Zone d’expérimentation permanente
Démonstration par l’exemple, accueil, sensibilisation, conseils,
l’équipe de Pierre & Terre a déjà accompagné plus de 300 projets
d’assainissement, 150 projets de bâtis. Plus de 40 collectivités, comme
pour l’école de Saint-Germé, ont déjà fait appel à son expertise. Chaque
année, entre 6 et 10 000 personnes sont sensibilisées par les quatre
salariés permanents et par les stagiaires, qui viennent développer leurs
compétences dans l’association avant de les disséminer ailleurs.

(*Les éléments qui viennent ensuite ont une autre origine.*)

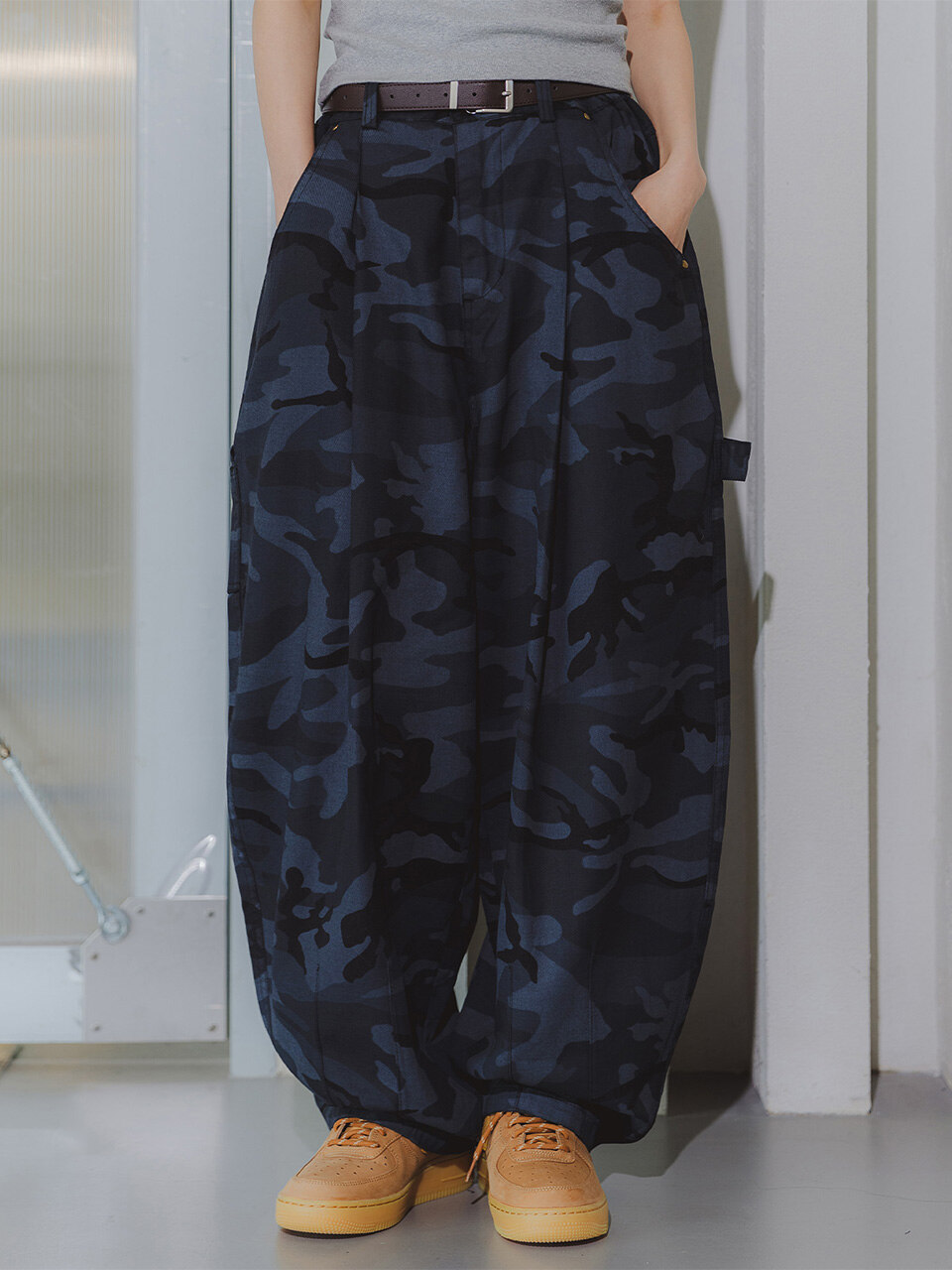 DELUXE 카모플라쥬 벌룬핏 하프 밴딩 팬츠 2color DLX2923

Le
centre dispose d’un partenariat avec la CAF, afin d’aider les ménages
modestes à établir un écodiagnostic
et d’initier des travaux d’amélioration de l’habitat, pour que tout
cela ne reste pas réservé aux classes sociales les plus aisées.
L’écocentre Pierre & Terre est à la fois un écocentre à vocation
pédagogique, une zone d’expérimentation permanente à travers son
bâtiment et ses dépendances, mais aussi un centre culturel qui intègre
depuis 2010 le petit théâtre Spirale et le festival Spirale à Histoires [1].
Cuisine, restaurant, douches, toilettes sèches permanentes, salles de
spectacle : ils ont tout construit eux-mêmes, avec l’aide de
l’association Pierre & Terre [2] « Un esprit sain dans un habitat sain » :
Pierre & Terre pose les jalons d’un nouveau vivre-ensemble, plus
respectueux de l’environnement, mais aussi de nous-mêmes.